Saved data entries:
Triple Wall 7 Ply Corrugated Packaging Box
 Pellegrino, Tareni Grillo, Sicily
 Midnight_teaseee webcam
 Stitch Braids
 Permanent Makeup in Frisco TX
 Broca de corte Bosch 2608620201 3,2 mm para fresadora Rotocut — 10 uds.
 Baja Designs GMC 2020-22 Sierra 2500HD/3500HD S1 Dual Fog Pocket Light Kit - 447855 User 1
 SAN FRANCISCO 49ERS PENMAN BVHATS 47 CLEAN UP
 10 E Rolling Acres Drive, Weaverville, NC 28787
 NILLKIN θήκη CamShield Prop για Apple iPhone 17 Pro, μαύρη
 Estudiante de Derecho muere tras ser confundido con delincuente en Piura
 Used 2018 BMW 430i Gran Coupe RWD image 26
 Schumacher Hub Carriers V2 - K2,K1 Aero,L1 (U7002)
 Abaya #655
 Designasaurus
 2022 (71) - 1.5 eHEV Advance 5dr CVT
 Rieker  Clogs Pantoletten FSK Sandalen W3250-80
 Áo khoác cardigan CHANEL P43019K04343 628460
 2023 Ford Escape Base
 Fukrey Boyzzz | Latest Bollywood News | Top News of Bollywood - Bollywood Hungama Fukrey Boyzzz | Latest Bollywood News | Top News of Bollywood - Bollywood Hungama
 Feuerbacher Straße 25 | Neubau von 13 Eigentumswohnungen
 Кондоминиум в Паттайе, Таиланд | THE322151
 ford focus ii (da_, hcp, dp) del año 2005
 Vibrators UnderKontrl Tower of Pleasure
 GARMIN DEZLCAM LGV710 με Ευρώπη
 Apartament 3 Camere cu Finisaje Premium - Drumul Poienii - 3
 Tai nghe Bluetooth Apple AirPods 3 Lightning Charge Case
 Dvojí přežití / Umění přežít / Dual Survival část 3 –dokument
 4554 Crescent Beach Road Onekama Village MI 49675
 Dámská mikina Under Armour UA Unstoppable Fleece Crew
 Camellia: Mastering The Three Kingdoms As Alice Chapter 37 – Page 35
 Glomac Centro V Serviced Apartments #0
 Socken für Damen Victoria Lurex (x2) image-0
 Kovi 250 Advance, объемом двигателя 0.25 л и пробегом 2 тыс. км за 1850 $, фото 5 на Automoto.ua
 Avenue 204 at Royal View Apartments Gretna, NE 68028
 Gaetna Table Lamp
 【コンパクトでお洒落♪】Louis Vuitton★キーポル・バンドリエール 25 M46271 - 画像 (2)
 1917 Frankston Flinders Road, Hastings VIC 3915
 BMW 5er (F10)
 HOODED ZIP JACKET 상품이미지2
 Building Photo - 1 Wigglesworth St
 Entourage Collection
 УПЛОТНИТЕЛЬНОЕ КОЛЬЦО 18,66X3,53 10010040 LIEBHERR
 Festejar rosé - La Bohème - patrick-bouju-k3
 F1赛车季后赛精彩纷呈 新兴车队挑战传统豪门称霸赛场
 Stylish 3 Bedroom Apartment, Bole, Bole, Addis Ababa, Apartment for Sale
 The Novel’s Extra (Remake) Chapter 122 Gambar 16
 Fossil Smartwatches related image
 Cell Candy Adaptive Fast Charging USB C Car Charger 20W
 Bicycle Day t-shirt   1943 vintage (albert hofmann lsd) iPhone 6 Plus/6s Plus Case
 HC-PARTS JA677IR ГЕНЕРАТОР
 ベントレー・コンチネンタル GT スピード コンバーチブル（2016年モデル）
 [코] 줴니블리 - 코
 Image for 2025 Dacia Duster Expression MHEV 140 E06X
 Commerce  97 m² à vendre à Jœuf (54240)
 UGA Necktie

**ASSIGNMENT:** Return only the lines between the one holding "Feuerbacher Straße 25" and the one holding "Dámská mikina Under", inclusive, exactly as they appear above.

**TASK RESPONSE:**
 Feuerbacher Straße 25 | Neubau von 13 Eigentumswohnungen
 Кондоминиум в Паттайе, Таиланд | THE322151
 ford focus ii (da_, hcp, dp) del año 2005
 Vibrators UnderKontrl Tower of Pleasure
 GARMIN DEZLCAM LGV710 με Ευρώπη
 Apartament 3 Camere cu Finisaje Premium - Drumul Poienii - 3
 Tai nghe Bluetooth Apple AirPods 3 Lightning Charge Case
 Dvojí přežití / Umění přežít / Dual Survival část 3 –dokument
 4554 Crescent Beach Road Onekama Village MI 49675
 Dámská mikina Under Armour UA Unstoppable Fleece Crew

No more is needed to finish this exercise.